Familial Mediterranean fever (FMF) is characterized be episodes of fever, peritonitis and/or pleuritis
- is an autosomal-recessive, hereditary auto-inflammatory disease and has a reference in the Online Mendelian Inheritance in Man database (OMIM) ID: 249100
- FMF occurs as a result of mutations in the MEditerranean FeVer (MEFV gene)
- is the only gene currently known to be associated with FMF and is located on chromosome 16
- primary characteristic of FMF is
- recurrent fever and serositis
- which results in pain in the abdomen, chest, joints, muscles, etc.
- amyloidosis, skin lesions and arthritis may be seen in these patients
- the most severe complication of FMF is amyloid A (AA) amyloidosis leading to renal failure
This condition occurs most often in non-Ashkenazi Jews, Armenians and Arabs. It is not restricted to these groups and may occur in, among others, people of Ashkenazi Jewish, Italian, and Anglo-saxon descent.

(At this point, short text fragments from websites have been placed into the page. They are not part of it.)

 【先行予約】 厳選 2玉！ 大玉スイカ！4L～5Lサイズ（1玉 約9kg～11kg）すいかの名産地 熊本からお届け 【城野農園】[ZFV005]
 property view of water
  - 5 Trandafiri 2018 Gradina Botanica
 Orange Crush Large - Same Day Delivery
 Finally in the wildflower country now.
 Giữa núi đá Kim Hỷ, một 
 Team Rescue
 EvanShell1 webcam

There are mainly two phenotypes in FMF
- Type 1 is commonly associated with recurrent short episodes of inflammation and serositis, including fever, peritonitis, synovitis, pleuritis, and rarely
pericarditis and meningitis
- symptoms and severity vary from one person to another
- typical clinical manifestations of FMF type 1 usually last from 12 to 72 hours and include the following typical attacks (2):
- 1) recurrent fever, characterized by a temperature ranging from 38 degrees C to 40 C;
- 2) abdominal attacks, featuring abdominal pain (usually the entire abdomen is involved);
- 3. arthritic attacks, frequently featuring as monoarthritis localized in the large joints of the leg (hip, knee, ankle);
- 4. chest attacks, including pleuritis and pericarditis;
- 5. pre-attack symptoms, occurring 12 to 24 hours before any FMF attacks, usually including discomfort, abnormal taste sensation,
dizziness, increased appetite, irritability, etc.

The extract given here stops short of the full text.